* Data records:
---------------

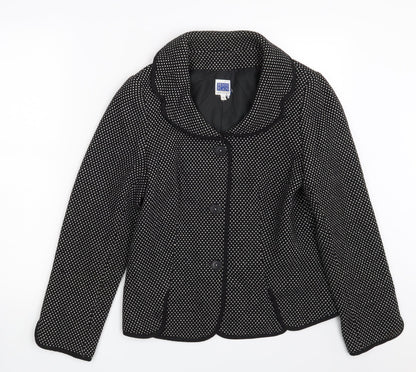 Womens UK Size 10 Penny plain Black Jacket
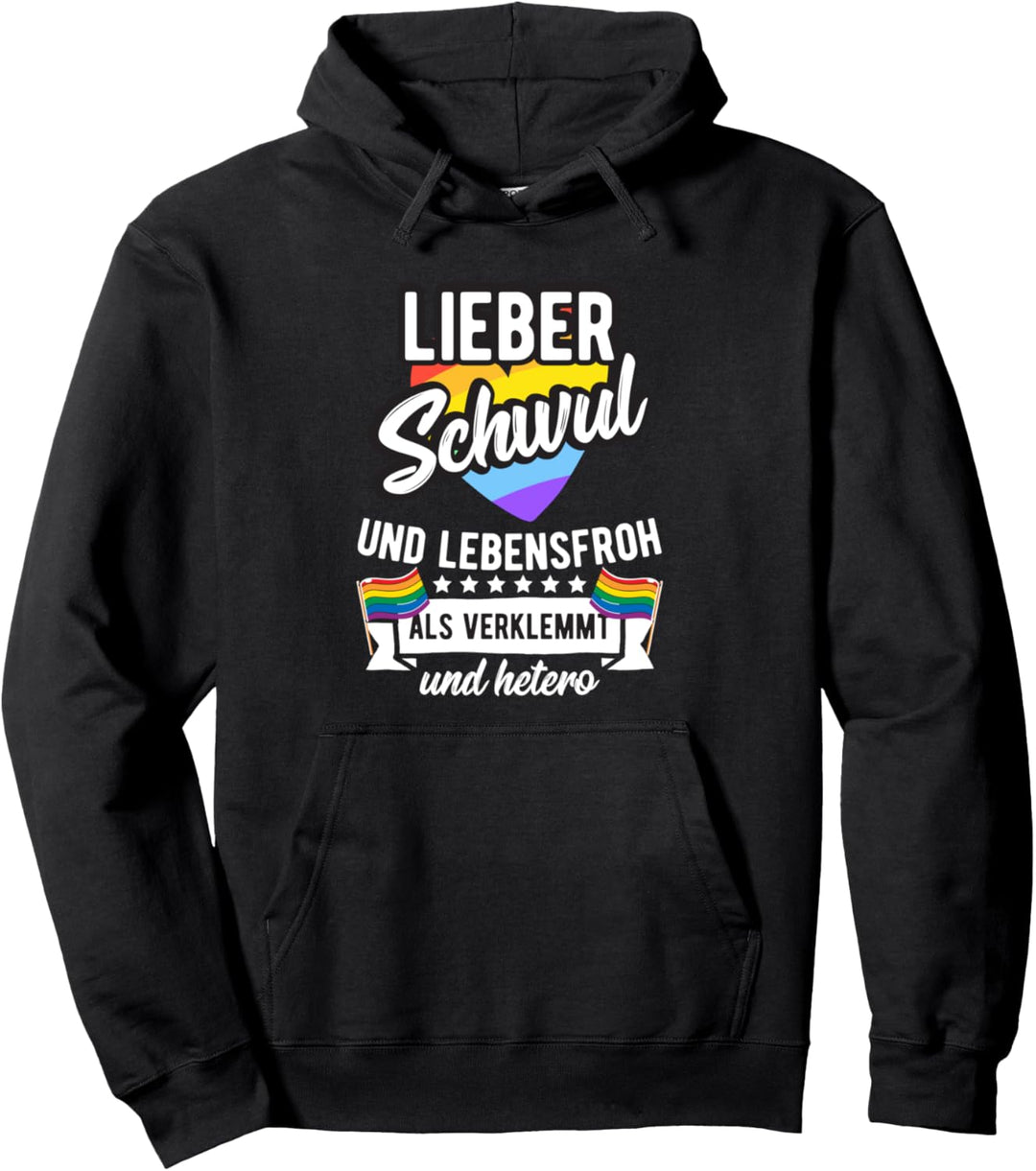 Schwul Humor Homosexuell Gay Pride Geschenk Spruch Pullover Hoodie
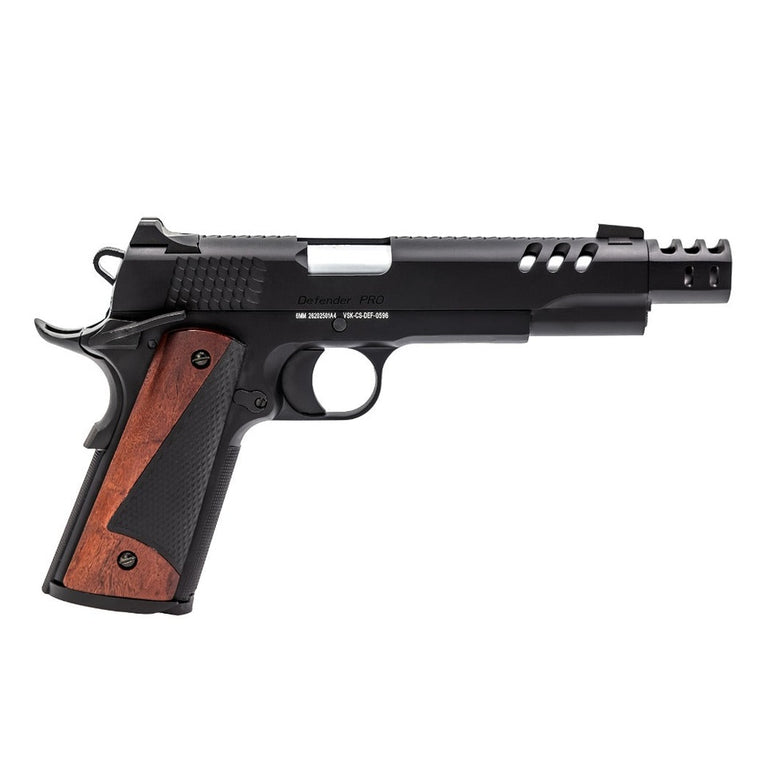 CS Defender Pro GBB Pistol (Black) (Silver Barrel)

---------------

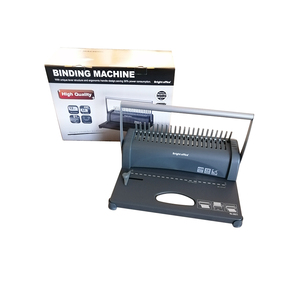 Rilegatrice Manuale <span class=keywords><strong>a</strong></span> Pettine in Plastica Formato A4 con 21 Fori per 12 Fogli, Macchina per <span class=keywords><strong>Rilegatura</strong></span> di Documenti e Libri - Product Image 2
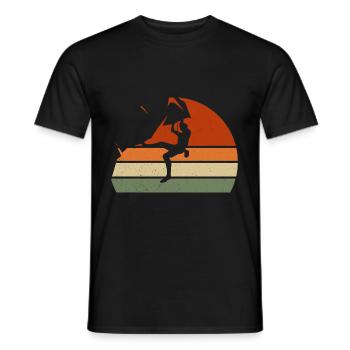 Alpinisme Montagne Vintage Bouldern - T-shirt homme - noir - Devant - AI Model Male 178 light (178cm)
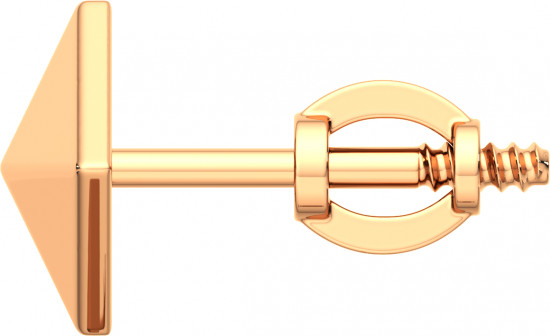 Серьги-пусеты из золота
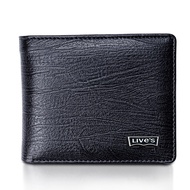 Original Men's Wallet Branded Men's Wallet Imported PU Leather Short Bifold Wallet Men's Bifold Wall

---------------

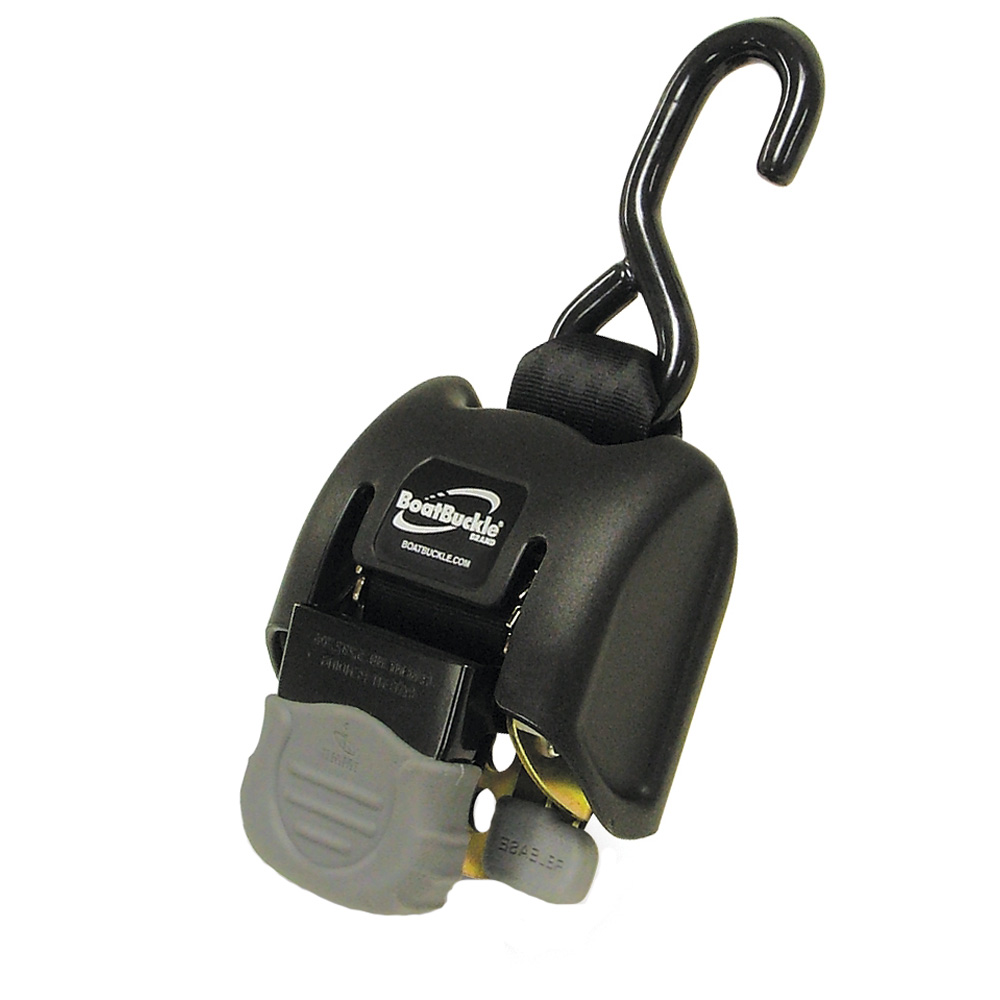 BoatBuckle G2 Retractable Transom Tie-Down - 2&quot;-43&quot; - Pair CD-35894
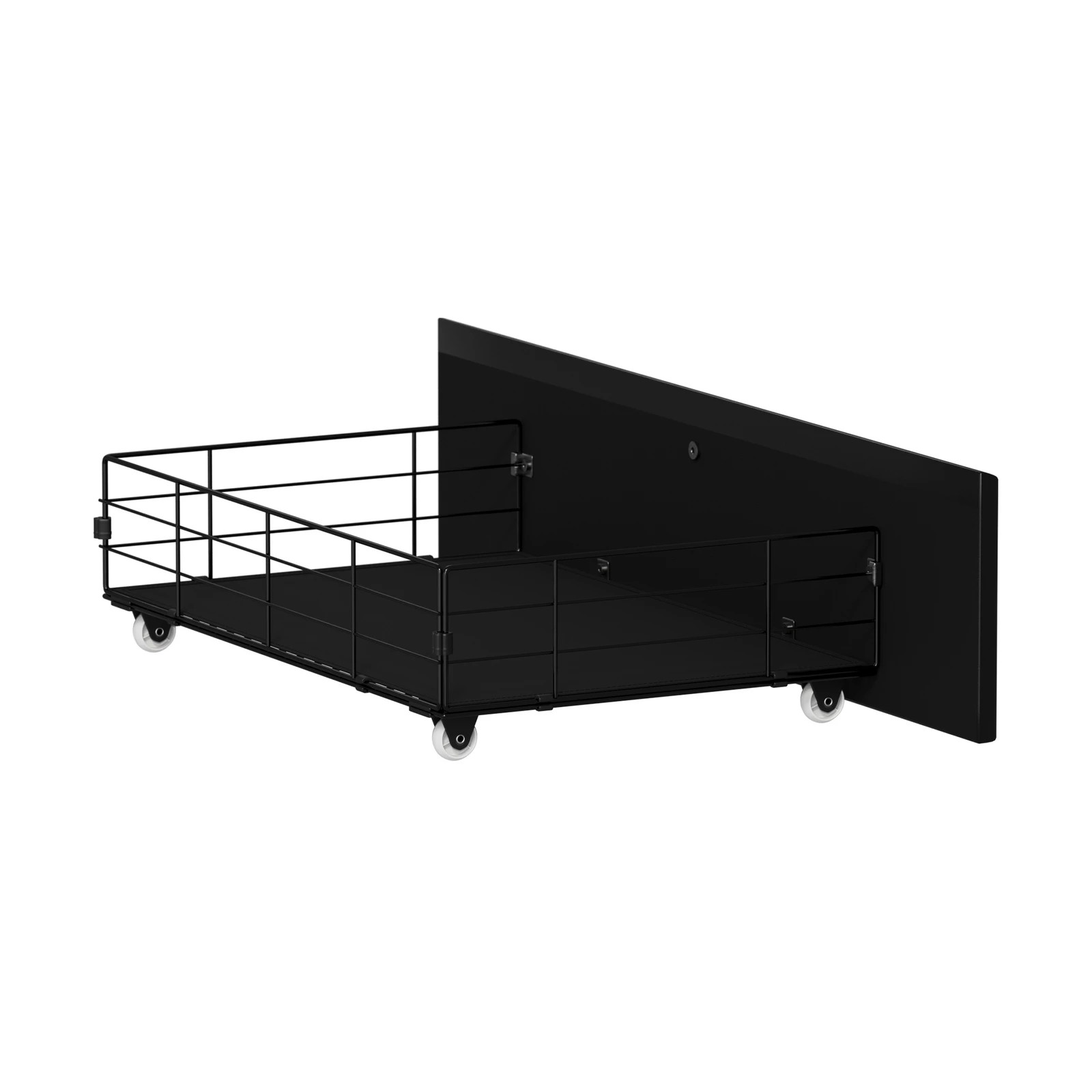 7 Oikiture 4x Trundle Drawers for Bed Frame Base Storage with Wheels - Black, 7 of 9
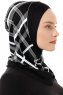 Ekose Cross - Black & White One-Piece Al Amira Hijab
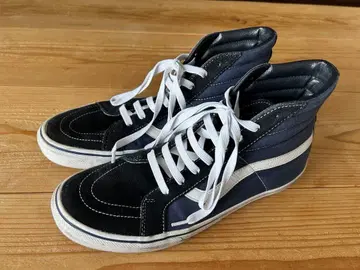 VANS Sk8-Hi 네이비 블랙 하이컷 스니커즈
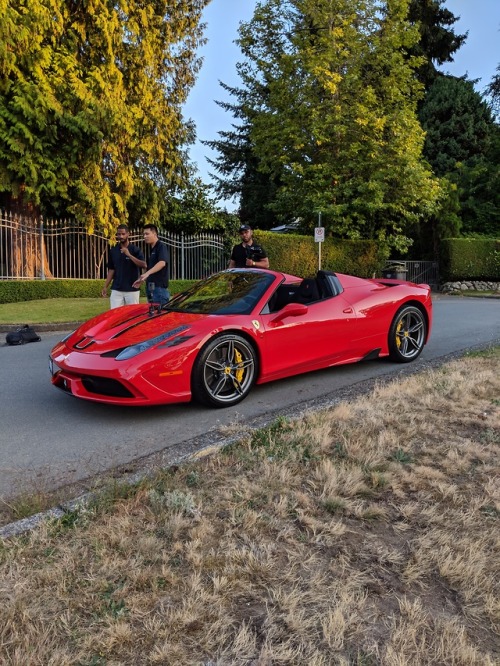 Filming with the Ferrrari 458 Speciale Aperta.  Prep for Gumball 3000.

---------------

The copy should hold only the lines from the one with "Womens UK Size 10 Penny plain Black Jacket" through the one with "CS Defender Pro", exactly as they stand above. Leave out the pictures.

* Written solution:
 Womens UK Size 10 Penny plain Black Jacket
 Schwul Humor Homosexuell Gay Pride Geschenk Spruch Pullover Hoodie
 CS Defender Pro GBB Pistol (Black) (Silver Barrel)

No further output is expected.